Merge pull request #87 from Harry-Rich/scipp

Scippified Predict posterior
bjmorgan · Dec 11, 2024 · f9adcbf · f9adcbf
2 parents ac68556 + 9ccc711
commit f9adcbf
Show file tree

Hide file tree

Showing 2 changed files with 63 additions and 1 deletion.
diff --git a/kinisi/analyzer.py b/kinisi/analyzer.py
@@ -118,6 +118,20 @@ def _from_universe(cls,
                                  progress=progress)
             return cls(p)
 
+    def posterior_predictive(self, n_posterior_samples: int = None,
+                             n_predictive_samples: int = 256,
+                             progress: bool = True):
+        """
+        Sample  the posterior predictive distribution.

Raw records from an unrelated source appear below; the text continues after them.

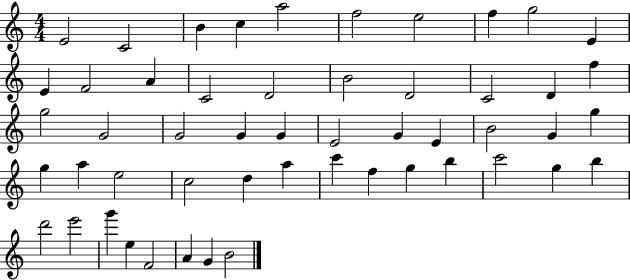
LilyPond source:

{
  \clef treble
  \numericTimeSignature
  \time 4/4
  \key c \major
  e'2 c'2 | b'4 c''4 a''2 | f''2 e''2 | f''4 g''2 e'4 | \break e'4 f'2 a'4 | c'2 d'2 | b'2 d'2 | c'2 d'4 f''4 | \break g''2 g'2 | g'2 g'4 g'4 | e'2 g'4 e'4 | b'2 g'4 g''4 | \break g''4 a''4 e''2 | c''2 d''4 a''4 | c'''4 f''4 g''4 b''4 | c'''2 g''4 b''4 | \break d'''2 e'''2 | g'''4 e''4 f'2 | a'4 g'4 b'2 | \bar "|."
} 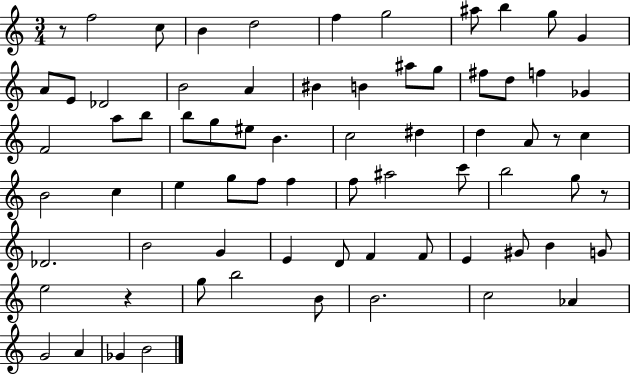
{
  \clef treble
  \numericTimeSignature
  \time 3/4
  \key c \major
  r8 f''2 c''8 | b'4 d''2 | f''4 g''2 | ais''8 b''4 g''8 g'4 | \break a'8 e'8 des'2 | b'2 a'4 | bis'4 b'4 ais''8 g''8 | fis''8 d''8 f''4 ges'4 | \break f'2 a''8 b''8 | b''8 g''8 eis''8 b'4. | c''2 dis''4 | d''4 a'8 r8 c''4 | \break b'2 c''4 | e''4 g''8 f''8 f''4 | f''8 ais''2 c'''8 | b''2 g''8 r8 | \break des'2. | b'2 g'4 | e'4 d'8 f'4 f'8 | e'4 gis'8 b'4 g'8 | \break e''2 r4 | g''8 b''2 b'8 | b'2. | c''2 aes'4 | \break g'2 a'4 | ges'4 b'2 | \bar "|."
} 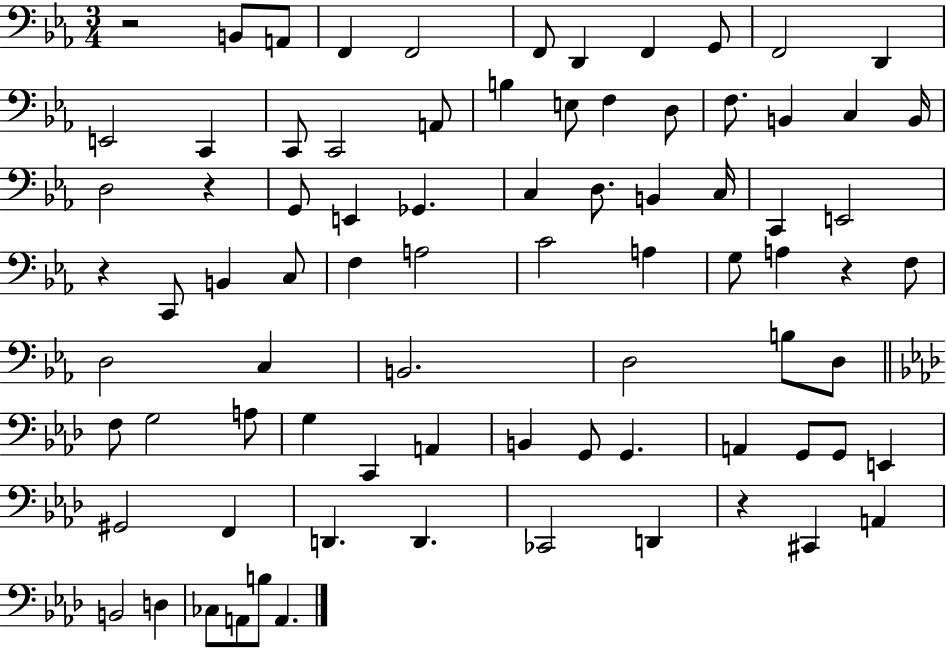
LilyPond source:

{
  \clef bass
  \numericTimeSignature
  \time 3/4
  \key ees \major
  \repeat volta 2 { r2 b,8 a,8 | f,4 f,2 | f,8 d,4 f,4 g,8 | f,2 d,4 | \break e,2 c,4 | c,8 c,2 a,8 | b4 e8 f4 d8 | f8. b,4 c4 b,16 | \break d2 r4 | g,8 e,4 ges,4. | c4 d8. b,4 c16 | c,4 e,2 | \break r4 c,8 b,4 c8 | f4 a2 | c'2 a4 | g8 a4 r4 f8 | \break d2 c4 | b,2. | d2 b8 d8 | \bar "||" \break \key aes \major f8 g2 a8 | g4 c,4 a,4 | b,4 g,8 g,4. | a,4 g,8 g,8 e,4 | \break gis,2 f,4 | d,4. d,4. | ces,2 d,4 | r4 cis,4 a,4 | \break b,2 d4 | ces8 a,8 b8 a,4. | } \bar "|."
} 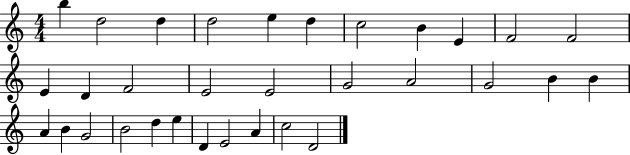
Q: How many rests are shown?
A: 0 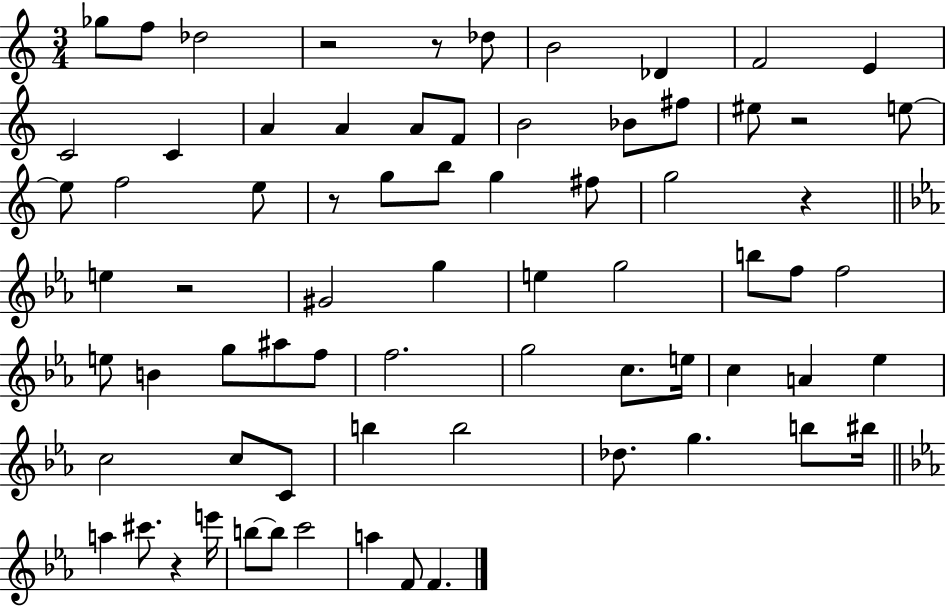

The shape of the resulting array will be
+        `(n_posterior_samples * n_predictive_samples, start_dt)`.
+        
+        :params posterior_predictive_params: Parameters for the :py:func:`diffusion.posterior_predictive` method. 
+            See the appropriate documentation for more guidence on this dictionary.
+
+        :return: Samples from the posterior predictive distribution. 
+        """
+        return self.diff.posterior_predictive(n_posterior_samples,n_predictive_samples,progress)
+
     @property
     def n_atoms(self) -> int:
         """

diff --git a/kinisi/diffusion.py b/kinisi/diffusion.py
@@ -10,9 +10,10 @@
 import scipp as sc
 from statsmodels.stats.correlation_tools import cov_nearest
 from scipy.linalg import pinvh
-from scipy.stats import linregress
+from scipy.stats import linregress, multivariate_normal
 from scipy.optimize import minimize
 from emcee import EnsembleSampler
+from tqdm import tqdm
 
 
 class Diffusion:
@@ -205,6 +206,53 @@ def compute_covariance_matrix(self) -> sc.Variable:
                             minimum_eigenvalue_method(cov[self.diff_regime:, self.diff_regime:], self._cond_max)),
                         unit=self.msd.unit**2)
 
+    def posterior_predictive(self,
+                             n_posterior_samples: int = None,
+                             n_predictive_samples: int = 256,
+                             progress: bool = True) -> sc.Variable:
+        """
+        Sample the posterior predictive distribution. The shape of the resulting array will be
+        `(n_posterior_samples * n_predictive_samples, start_dt)`.
+        
+        :param n_posterior_samples: Number of samples from the posterior distribution.
+            Optional, default is the number of posterior samples.
+        :param n_predictive_samples: Number of random samples per sample from the posterior distribution.
+            Optional, default is :py:attr:`256`.
+        :param progress: Show tqdm progress for sampling. Optional, default is :py:attr:`True`.
+
+        :return: Samples from the posterior predictive distribution. 
+        """
+        if n_posterior_samples is None:
+            n_posterior_samples = self.gradient.size
+
+        ppd_unit = self.gradient.unit * self.msd.coords['time interval'].unit + self.intercept.unit
+
+        diff_regime = np.argwhere(self.msd.coords['time interval'] >= self._start_dt)[0][0]
+        ppd = sc.zeros(
+            dims=['posterior samples', 'predictive samples', 'time interval'],
+            shape=[n_posterior_samples, n_predictive_samples, self.msd.coords['time interval'][diff_regime:].size],
+            unit=ppd_unit)
+        samples_to_draw = list(enumerate(np.random.randint(0, self.gradient.size, size=n_posterior_samples)))
+
+        if progress:
+            iterator = tqdm(samples_to_draw, desc='Calculating Posterior Predictive')
+        else:
+            iterator = samples_to_draw
+
+        # Checking unit consistency for mu and covariance
+        try:
+            ppd_unit**2 == self._covariance_matrix.unit
+        except:
+            'Units of the covariance matrix and mu do not align correctly'
+
+        for i, n in iterator:
+            mu = self.gradient[n] * self.msd.coords['time interval'][diff_regime:] + self.intercept[n]
+            mv = multivariate_normal(mean=mu.values, cov=self._covariance_matrix.values, allow_singular=True)
+            ppd.values[i] = mv.rvs(n_predictive_samples)
+
+        ppd = sc.flatten(ppd, dims=['posterior samples', 'predictive samples'], to='samples')
+        return ppd
+
 
 def minimum_eigenvalue_method(cov: np.ndarray, cond_max=1e16) -> np.ndarray:
     """